[AIM OF THE EXERCISE]
From the line with "Women's Halter-Neck Sports Tank Top" through the line with "MCAT Prep Biology", inclusive, return each line of the data below exactly and leave the rest out.

[Caption-style text data]
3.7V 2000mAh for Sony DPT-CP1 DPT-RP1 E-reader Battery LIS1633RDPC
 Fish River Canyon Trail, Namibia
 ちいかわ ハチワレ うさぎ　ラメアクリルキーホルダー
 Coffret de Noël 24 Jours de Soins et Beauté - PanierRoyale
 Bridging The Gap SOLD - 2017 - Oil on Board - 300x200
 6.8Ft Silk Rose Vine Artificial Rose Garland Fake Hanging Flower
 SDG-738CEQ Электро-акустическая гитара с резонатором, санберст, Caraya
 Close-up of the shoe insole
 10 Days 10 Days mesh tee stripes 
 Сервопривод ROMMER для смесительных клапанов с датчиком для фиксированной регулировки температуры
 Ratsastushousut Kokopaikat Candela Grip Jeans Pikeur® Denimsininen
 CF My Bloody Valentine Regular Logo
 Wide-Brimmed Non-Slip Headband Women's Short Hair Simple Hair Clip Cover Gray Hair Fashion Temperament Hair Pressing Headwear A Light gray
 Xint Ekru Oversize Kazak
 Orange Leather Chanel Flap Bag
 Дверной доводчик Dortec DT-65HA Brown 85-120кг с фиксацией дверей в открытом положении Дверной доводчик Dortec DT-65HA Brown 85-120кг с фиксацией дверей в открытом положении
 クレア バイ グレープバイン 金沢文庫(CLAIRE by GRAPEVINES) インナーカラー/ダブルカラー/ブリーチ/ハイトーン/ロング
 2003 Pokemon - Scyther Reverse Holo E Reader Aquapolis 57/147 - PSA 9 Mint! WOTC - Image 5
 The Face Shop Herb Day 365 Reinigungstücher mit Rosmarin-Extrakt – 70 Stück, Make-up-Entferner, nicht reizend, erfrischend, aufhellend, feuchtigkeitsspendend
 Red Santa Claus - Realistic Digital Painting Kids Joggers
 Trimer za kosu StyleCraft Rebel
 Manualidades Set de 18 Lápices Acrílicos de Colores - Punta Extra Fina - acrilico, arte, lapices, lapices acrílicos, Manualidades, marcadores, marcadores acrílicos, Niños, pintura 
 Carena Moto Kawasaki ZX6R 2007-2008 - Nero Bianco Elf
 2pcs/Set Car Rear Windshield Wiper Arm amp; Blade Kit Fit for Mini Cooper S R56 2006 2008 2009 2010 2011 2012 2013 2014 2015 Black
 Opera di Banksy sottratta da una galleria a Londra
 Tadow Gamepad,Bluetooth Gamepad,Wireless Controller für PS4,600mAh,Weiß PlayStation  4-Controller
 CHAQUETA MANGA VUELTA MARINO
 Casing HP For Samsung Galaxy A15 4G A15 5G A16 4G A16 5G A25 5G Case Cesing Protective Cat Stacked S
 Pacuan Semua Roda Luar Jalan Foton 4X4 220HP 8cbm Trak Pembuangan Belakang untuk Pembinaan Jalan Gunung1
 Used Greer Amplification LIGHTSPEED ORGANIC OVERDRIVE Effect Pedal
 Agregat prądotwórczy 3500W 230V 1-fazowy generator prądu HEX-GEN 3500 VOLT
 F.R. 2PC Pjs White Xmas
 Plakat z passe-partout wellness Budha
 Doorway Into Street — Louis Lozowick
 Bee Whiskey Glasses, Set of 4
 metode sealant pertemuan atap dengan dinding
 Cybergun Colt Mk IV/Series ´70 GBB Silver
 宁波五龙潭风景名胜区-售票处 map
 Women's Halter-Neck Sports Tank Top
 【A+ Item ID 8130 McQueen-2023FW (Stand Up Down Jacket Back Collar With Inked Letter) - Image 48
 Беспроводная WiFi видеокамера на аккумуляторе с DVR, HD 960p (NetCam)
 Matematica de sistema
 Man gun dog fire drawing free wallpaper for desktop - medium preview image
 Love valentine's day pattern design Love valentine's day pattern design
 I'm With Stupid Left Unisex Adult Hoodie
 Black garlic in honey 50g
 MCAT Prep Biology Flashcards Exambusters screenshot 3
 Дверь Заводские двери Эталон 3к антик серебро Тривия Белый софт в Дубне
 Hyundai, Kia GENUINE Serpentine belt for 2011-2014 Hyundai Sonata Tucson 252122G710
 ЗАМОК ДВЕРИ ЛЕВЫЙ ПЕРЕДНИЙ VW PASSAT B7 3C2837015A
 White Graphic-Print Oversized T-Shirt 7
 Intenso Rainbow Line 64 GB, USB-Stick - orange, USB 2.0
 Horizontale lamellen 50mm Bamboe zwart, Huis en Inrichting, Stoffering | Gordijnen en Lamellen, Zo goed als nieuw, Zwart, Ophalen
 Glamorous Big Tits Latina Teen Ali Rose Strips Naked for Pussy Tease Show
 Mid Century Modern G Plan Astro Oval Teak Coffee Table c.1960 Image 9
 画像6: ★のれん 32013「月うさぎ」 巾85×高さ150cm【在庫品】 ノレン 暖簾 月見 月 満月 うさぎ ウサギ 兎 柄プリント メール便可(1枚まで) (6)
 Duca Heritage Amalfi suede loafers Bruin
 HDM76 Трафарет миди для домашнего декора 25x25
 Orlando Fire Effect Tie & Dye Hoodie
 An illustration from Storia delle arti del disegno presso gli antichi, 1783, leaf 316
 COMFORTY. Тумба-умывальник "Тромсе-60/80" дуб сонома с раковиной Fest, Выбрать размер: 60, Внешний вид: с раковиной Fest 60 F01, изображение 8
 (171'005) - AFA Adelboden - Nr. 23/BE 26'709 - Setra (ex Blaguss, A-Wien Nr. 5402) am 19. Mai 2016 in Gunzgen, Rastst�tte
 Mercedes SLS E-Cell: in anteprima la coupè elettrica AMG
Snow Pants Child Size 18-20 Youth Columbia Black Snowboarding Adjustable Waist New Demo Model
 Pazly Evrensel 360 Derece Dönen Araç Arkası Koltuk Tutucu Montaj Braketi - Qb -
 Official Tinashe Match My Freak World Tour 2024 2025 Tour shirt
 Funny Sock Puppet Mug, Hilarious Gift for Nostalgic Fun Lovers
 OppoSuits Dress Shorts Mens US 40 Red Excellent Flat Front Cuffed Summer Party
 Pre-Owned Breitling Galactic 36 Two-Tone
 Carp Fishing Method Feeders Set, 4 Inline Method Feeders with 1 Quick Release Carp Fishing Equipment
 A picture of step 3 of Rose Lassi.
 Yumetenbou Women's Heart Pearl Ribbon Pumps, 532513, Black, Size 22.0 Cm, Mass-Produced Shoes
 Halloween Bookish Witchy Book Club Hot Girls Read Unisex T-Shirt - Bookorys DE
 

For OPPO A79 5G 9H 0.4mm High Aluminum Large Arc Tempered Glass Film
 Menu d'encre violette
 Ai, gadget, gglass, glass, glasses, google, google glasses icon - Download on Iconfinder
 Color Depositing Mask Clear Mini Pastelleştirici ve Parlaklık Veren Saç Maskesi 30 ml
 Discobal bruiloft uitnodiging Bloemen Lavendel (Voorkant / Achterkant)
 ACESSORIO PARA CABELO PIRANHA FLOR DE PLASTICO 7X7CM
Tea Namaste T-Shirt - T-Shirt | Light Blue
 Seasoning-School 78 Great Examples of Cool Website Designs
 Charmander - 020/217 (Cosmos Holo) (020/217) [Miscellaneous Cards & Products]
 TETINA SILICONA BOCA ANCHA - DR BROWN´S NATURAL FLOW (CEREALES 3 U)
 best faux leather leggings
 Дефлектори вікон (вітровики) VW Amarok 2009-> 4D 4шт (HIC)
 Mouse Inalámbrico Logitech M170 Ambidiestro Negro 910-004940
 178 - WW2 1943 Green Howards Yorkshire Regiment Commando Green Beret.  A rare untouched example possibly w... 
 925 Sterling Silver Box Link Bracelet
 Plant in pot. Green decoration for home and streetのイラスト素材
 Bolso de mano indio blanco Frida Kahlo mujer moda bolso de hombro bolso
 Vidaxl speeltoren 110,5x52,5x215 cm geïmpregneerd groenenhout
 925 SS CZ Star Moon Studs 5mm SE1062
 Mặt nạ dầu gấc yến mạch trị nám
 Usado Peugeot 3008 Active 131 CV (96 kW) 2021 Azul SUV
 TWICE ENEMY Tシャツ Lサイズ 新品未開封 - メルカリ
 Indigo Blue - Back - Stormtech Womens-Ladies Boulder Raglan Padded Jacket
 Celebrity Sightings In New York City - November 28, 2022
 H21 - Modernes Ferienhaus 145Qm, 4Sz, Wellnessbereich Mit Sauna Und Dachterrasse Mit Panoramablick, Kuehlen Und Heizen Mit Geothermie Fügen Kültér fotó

[TASK RESPONSE]
 Women's Halter-Neck Sports Tank Top
 【A+ Item ID 8130 McQueen-2023FW (Stand Up Down Jacket Back Collar With Inked Letter) - Image 48
 Беспроводная WiFi видеокамера на аккумуляторе с DVR, HD 960p (NetCam)
 Matematica de sistema
 Man gun dog fire drawing free wallpaper for desktop - medium preview image
 Love valentine's day pattern design Love valentine's day pattern design
 I'm With Stupid Left Unisex Adult Hoodie
 Black garlic in honey 50g
 MCAT Prep Biology Flashcards Exambusters screenshot 3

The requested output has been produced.